Welcome to this guest lecture 9 May held by Professor Ali Cinar (Illinois Institute of Technology). He will visit NTNU, Trondheim as an opponent for Odd Martin Staal’s PhD defence, scheduled for 10 May.
Title: Adaptive Personalized Multivariable Artificial Pancreas
Speaker: Professor Ali Cinar from Illinois Institute of Technology. He will be in Trondheim as an opponent for Odd Martin Staal’s PhD defence (10 May).
Location: D251, Elektrobygget D, NTNU Gløshaugen. Map: http://bit.ly/2XPqOFq
Time: Thursday 9 May, 13:00–14:00.
The automation of insulin infusion through closed-loop glucose control strategies is challenged by day-to-day variations in the users’ daily activities that affect the glucose-insulin metabolism of people with Type 1 diabetes. An artificial pancreas (AP) that relies only on glucose concentration information has limited effectiveness because of its reactive nature to glucose concentration changes that have already taken place. Feedforward control based on information about disturbances to glucose homeostasis such as meals and physical activities can improve the performance of APs. Feedforward control could be based on manual information entry (meal time and content, exercise) or automated by streaming data from wearable devices reporting physiological variables.

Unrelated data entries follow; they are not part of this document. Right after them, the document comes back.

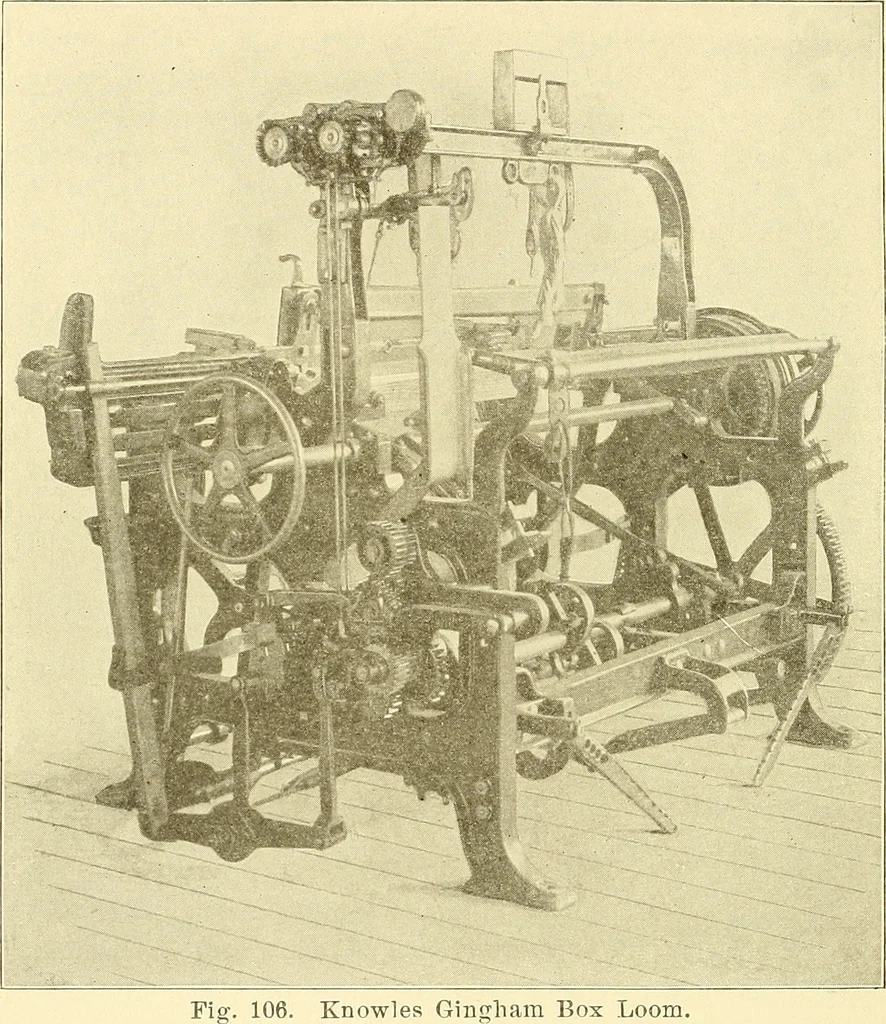 An illustration from Cyclopedia of textile work : a general reference library on cotton, woolen and worsted yarn manufacture, weaving, designing, chemistry and dyeing, finishing, knitting, and allied subjects, 1911, leaf 199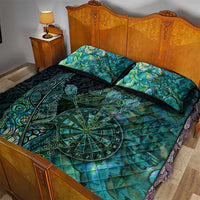 New Zealand Dart Quilt Bed Set Maori Fern With Paua Shell - Polynesian Pride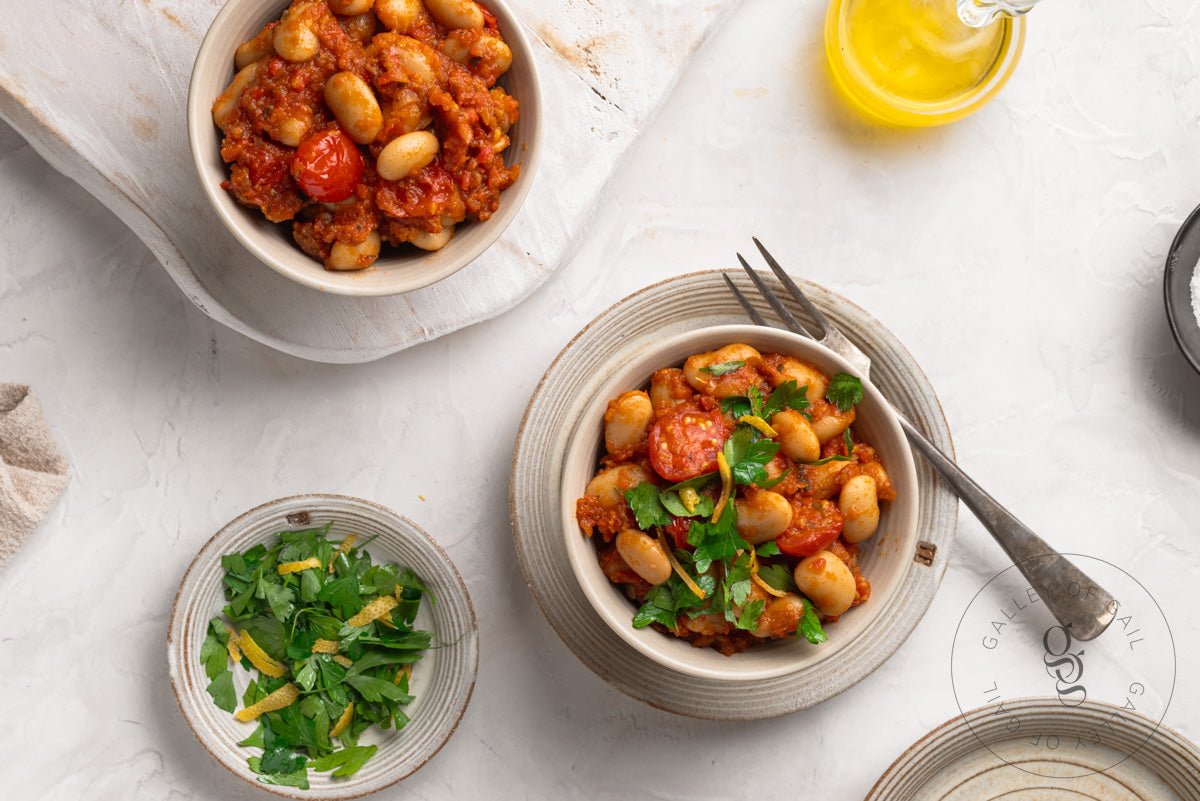 One Pot Butter Beans with Anchovies and Lemon Parsley Gremolata - Exclusive Recipe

An adaptive and personalized multivariable AP (mAP) system is developed to efficiently accommodate major disturbances to glucose concentration. Accurate adaptive glycemic models are developed with a recursive subspace identification technique by using physiological measurements from a wristband along with continuous glucose concentration signals and estimates of unannounced meal effect and plasma insulin concentration (PIC) to characterize the glucose dynamics under various conditions such as food consumption and physical activity. These models with recursively updated time-varying parameters are utilized in an adaptive model predictive control (MPC) system that is cognizant of the PIC. These algorithms that interpret various signals and adapt the controller parameters and constraints, enable the mAP system to effectively compute the optimal insulin infusion over diverse variations without manual meal and exercise announcements.
Simulation studies using a multivariable glucose-insulin-physiological variable simulator (mGIPsim) demonstrate the performance of the mAP system.
Ali Cinar is the Hyosung S.R. Cho Endowed Chair professor in the Chemical and Biological Engineering Department at Illinois Institute of Technology, with dual appointment in the Biomedical Engineering Department. He also has a courtesy Research Associate (Professor) appointment in the Section of Endocrinology, Diabetes, and Metabolism at the University of Chicago. He is the founding director (2004) of the Engineering Center for Diabetes Research and Education at Illinois Tech. His research is focused on system modeling, supervision and control, funded by NIH, JDRF, NSF, FDA and industry. Current research includes development of multivariable artificial pancreas systems for automated insulin delivery to people with diabetes, detection of physical activity, stress and sleep to predict their effects on glucose concentrations, modeling immune system activities to simulate beta cell loss and onset of diabetes, modeling and control of biopharmaceutical mammalian cell reactors. He has published three books and more than 250 technical papers. His research lab at Illinois Tech has graduated 24 PhDs and currently has 8 PhD students. He received his Ph.D. degree in chemical engineering from Texas A&M University. Dr. Cinar is a Fellow of the American Institute of Chemical Engineers, a Senior Member of the Institute of Electrical and Electronics Engineers (IEEE) and a member of American Diabetes Association.